- Exercise objective: Range to output from the entries below: the line containing "Maine Coon Kater mit Stammbaum" through the line containing "Photo of Others in Kihei". Set it down exactly, ends included, nothing else.

- Records supplied:
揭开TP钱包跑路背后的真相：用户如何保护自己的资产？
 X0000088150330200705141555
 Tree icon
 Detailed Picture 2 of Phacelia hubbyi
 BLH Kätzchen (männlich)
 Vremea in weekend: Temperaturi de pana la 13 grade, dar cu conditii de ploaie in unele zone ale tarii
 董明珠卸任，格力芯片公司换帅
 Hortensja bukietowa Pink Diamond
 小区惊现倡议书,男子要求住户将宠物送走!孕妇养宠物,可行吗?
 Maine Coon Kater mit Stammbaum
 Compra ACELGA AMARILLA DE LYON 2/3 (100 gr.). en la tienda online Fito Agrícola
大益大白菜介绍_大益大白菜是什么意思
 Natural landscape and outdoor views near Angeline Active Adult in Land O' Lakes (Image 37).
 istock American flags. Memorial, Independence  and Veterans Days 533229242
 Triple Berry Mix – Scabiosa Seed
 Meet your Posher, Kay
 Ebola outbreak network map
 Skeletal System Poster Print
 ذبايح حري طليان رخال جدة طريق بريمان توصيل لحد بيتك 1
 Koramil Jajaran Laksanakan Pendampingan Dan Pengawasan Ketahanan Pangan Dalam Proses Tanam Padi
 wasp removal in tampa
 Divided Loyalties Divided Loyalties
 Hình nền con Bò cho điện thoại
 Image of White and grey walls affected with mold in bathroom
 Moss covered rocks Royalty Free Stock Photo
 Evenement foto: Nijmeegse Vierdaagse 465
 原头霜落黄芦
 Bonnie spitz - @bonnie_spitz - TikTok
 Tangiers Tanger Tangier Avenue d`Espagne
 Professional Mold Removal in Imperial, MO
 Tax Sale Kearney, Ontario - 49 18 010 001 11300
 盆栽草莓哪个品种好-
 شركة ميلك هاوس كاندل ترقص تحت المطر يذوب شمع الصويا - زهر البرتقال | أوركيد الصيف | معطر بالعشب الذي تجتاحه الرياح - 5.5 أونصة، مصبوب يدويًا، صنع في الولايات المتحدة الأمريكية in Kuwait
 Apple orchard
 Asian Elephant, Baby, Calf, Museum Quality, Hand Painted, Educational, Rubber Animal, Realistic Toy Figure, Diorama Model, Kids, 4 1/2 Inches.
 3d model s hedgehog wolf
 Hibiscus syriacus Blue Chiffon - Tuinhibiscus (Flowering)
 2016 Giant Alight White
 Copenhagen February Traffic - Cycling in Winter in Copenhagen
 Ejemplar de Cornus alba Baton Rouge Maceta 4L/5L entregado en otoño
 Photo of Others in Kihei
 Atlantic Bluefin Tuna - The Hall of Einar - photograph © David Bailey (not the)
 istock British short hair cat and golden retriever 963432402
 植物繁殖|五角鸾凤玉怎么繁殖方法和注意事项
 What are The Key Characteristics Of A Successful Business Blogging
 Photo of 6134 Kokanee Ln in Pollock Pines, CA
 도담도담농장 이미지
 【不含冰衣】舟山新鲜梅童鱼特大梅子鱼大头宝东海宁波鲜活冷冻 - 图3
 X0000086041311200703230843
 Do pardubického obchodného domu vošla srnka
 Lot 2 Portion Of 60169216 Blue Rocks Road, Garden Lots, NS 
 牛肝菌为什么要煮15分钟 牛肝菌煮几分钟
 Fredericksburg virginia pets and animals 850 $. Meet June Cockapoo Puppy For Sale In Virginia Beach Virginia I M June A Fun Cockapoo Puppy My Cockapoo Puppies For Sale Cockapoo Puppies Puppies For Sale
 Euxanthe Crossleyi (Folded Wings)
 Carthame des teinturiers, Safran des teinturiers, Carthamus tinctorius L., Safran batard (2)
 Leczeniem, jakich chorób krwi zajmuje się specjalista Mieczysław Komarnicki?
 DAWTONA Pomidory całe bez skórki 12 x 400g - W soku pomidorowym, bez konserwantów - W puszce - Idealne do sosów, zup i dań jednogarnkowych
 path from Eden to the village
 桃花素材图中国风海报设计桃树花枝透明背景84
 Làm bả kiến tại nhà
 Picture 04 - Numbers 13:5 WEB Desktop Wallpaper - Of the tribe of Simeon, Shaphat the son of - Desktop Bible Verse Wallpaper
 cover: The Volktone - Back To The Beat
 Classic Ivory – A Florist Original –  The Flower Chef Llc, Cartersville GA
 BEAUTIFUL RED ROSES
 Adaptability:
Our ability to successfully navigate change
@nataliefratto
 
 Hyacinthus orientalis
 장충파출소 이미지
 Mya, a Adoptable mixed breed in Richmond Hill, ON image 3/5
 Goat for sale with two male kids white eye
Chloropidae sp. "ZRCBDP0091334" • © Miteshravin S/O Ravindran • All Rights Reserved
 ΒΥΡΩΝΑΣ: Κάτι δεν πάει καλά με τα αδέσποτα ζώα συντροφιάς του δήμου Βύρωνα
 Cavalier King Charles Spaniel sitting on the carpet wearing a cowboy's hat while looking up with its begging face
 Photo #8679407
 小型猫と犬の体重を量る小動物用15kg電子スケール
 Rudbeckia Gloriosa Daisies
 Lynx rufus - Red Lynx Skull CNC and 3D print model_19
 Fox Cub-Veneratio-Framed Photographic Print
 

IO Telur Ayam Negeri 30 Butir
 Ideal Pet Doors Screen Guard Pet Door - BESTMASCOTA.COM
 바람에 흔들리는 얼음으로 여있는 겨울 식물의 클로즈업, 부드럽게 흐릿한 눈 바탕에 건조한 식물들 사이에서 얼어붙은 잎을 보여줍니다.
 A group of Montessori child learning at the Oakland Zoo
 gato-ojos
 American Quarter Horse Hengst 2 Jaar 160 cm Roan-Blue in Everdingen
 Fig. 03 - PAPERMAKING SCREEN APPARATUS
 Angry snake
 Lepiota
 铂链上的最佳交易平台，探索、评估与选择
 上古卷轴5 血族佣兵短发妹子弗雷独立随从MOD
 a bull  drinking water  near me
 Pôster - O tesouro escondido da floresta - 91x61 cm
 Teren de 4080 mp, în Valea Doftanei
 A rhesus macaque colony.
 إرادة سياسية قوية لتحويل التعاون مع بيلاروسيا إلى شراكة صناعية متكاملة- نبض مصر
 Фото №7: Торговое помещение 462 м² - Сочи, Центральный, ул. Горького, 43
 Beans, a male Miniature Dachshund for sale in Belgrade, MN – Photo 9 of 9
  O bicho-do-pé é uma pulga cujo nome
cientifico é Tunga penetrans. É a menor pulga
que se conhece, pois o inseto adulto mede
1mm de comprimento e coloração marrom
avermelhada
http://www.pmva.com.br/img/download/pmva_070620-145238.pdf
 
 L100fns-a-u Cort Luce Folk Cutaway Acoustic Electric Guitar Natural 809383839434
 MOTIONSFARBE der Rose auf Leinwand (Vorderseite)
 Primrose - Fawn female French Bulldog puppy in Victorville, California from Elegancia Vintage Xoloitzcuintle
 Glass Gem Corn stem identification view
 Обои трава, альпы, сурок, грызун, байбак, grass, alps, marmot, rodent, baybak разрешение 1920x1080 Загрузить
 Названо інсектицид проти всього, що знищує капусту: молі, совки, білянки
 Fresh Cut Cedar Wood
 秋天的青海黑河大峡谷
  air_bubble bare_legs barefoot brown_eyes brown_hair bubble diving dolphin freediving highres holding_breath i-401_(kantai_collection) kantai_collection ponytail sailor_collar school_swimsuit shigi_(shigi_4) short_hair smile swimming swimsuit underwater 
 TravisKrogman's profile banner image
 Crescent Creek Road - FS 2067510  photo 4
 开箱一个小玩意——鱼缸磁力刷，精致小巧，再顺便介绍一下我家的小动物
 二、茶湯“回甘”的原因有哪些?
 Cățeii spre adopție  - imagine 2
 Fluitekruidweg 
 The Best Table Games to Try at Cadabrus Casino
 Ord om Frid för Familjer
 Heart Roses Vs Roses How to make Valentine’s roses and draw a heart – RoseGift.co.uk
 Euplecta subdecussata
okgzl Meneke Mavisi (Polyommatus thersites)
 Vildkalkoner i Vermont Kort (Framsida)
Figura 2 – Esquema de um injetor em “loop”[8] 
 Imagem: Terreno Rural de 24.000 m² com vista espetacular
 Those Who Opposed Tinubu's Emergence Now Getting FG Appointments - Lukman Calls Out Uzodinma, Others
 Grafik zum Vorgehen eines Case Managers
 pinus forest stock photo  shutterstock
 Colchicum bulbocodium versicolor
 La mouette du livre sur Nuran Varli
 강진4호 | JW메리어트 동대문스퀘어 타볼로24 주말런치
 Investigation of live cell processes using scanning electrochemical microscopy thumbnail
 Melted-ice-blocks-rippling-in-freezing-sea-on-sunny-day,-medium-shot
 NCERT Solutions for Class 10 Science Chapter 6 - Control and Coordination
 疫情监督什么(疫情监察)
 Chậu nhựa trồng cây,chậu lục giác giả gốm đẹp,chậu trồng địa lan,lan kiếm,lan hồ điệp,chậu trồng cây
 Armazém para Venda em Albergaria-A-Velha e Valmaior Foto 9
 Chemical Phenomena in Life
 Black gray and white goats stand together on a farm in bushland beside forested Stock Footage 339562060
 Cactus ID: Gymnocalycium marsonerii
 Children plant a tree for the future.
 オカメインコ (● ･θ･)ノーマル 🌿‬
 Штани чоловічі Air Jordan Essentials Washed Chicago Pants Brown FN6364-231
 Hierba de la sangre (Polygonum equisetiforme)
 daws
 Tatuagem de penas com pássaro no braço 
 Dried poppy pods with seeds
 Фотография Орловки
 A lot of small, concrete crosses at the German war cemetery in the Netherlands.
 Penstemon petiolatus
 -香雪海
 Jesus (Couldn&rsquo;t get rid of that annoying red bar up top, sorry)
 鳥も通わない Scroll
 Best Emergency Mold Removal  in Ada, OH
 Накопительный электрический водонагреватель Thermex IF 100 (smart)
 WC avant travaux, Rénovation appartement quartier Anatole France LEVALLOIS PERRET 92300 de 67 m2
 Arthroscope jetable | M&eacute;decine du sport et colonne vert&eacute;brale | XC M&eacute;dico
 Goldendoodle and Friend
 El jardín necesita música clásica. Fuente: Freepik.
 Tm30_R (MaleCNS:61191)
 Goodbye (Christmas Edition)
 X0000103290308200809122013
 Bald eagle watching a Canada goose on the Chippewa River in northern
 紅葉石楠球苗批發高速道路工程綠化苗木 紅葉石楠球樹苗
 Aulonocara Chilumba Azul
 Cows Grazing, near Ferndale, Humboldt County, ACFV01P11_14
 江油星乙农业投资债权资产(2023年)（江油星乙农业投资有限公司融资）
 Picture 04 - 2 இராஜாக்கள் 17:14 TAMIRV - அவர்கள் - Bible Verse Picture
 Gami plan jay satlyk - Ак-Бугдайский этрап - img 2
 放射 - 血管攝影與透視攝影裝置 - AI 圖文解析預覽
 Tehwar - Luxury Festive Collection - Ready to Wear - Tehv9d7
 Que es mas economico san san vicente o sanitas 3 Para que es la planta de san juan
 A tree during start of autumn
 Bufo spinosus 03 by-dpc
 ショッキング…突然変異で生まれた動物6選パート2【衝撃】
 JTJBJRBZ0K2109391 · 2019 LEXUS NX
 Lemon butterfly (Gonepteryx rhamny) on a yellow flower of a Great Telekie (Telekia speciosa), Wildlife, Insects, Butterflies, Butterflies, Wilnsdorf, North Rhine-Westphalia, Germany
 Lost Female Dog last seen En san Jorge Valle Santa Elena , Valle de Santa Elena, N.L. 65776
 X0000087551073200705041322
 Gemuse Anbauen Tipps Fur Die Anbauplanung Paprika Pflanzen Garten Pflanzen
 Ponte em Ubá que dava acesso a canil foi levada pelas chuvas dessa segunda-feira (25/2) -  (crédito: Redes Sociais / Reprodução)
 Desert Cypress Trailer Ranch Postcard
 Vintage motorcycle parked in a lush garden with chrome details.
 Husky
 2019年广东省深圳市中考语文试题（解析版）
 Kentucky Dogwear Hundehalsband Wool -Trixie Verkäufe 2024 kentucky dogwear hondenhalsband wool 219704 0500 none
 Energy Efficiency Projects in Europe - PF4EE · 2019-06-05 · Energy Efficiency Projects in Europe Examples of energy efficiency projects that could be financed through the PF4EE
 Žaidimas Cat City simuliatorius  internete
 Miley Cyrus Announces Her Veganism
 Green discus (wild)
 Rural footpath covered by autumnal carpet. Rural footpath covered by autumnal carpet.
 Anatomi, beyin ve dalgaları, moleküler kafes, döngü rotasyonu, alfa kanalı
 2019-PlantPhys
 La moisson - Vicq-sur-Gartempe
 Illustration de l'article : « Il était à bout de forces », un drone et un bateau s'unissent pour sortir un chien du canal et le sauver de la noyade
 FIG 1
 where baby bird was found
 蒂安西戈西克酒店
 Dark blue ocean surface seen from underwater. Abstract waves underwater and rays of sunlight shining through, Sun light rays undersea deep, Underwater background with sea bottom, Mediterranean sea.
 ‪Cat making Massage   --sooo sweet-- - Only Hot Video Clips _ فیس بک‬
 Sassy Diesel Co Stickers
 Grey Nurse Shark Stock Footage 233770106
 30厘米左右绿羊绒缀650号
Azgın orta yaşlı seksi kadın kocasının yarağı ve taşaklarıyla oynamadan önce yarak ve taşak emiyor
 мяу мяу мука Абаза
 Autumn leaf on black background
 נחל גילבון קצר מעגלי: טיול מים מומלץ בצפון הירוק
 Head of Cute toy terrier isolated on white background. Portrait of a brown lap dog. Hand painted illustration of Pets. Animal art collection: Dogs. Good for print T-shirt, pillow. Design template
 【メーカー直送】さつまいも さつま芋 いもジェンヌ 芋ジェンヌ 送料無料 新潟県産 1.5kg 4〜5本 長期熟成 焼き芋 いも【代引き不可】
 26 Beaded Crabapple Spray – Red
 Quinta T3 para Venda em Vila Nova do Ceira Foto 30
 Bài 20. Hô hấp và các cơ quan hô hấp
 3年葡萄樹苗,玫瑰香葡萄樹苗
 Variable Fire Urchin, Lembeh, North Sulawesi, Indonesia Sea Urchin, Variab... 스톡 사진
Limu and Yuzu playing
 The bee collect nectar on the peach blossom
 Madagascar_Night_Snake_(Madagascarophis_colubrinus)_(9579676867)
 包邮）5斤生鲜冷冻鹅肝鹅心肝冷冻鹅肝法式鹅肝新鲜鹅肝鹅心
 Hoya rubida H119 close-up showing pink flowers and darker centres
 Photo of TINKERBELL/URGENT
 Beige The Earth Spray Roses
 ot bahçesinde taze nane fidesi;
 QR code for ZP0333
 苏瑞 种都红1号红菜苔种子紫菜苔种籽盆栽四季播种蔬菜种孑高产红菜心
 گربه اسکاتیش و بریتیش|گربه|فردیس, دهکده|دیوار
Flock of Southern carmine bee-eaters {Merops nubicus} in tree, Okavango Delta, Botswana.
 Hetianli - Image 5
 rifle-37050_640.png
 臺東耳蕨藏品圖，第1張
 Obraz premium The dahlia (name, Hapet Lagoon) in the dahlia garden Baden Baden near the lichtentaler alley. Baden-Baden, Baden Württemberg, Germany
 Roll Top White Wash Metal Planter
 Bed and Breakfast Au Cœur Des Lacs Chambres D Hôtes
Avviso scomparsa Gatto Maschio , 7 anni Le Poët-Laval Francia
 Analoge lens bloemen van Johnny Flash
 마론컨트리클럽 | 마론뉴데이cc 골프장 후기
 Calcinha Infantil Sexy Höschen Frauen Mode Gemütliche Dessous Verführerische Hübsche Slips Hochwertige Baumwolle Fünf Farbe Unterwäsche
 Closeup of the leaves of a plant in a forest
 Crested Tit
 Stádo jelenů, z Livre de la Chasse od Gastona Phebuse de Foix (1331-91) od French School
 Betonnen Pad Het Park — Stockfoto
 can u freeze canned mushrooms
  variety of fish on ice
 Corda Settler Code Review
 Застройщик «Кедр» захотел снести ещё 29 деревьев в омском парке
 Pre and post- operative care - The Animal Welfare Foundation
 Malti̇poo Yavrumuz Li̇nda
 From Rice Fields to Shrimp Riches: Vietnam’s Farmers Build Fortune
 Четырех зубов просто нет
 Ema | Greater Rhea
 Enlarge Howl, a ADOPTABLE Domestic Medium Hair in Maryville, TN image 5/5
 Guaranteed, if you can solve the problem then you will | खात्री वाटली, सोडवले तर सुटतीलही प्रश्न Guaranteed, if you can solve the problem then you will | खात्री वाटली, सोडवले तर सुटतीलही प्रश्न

- Written response:
 Maine Coon Kater mit Stammbaum
 Compra ACELGA AMARILLA DE LYON 2/3 (100 gr.). en la tienda online Fito Agrícola
大益大白菜介绍_大益大白菜是什么意思
 Natural landscape and outdoor views near Angeline Active Adult in Land O' Lakes (Image 37).
 istock American flags. Memorial, Independence  and Veterans Days 533229242
 Triple Berry Mix – Scabiosa Seed
 Meet your Posher, Kay
 Ebola outbreak network map
 Skeletal System Poster Print
 ذبايح حري طليان رخال جدة طريق بريمان توصيل لحد بيتك 1
 Koramil Jajaran Laksanakan Pendampingan Dan Pengawasan Ketahanan Pangan Dalam Proses Tanam Padi
 wasp removal in tampa
 Divided Loyalties Divided Loyalties
 Hình nền con Bò cho điện thoại
 Image of White and grey walls affected with mold in bathroom
 Moss covered rocks Royalty Free Stock Photo
 Evenement foto: Nijmeegse Vierdaagse 465
 原头霜落黄芦
 Bonnie spitz - @bonnie_spitz - TikTok
 Tangiers Tanger Tangier Avenue d`Espagne
 Professional Mold Removal in Imperial, MO
 Tax Sale Kearney, Ontario - 49 18 010 001 11300
 盆栽草莓哪个品种好-
 شركة ميلك هاوس كاندل ترقص تحت المطر يذوب شمع الصويا - زهر البرتقال | أوركيد الصيف | معطر بالعشب الذي تجتاحه الرياح - 5.5 أونصة، مصبوب يدويًا، صنع في الولايات المتحدة الأمريكية in Kuwait
 Apple orchard
 Asian Elephant, Baby, Calf, Museum Quality, Hand Painted, Educational, Rubber Animal, Realistic Toy Figure, Diorama Model, Kids, 4 1/2 Inches.
 3d model s hedgehog wolf
 Hibiscus syriacus Blue Chiffon - Tuinhibiscus (Flowering)
 2016 Giant Alight White
 Copenhagen February Traffic - Cycling in Winter in Copenhagen
 Ejemplar de Cornus alba Baton Rouge Maceta 4L/5L entregado en otoño
 Photo of Others in Kihei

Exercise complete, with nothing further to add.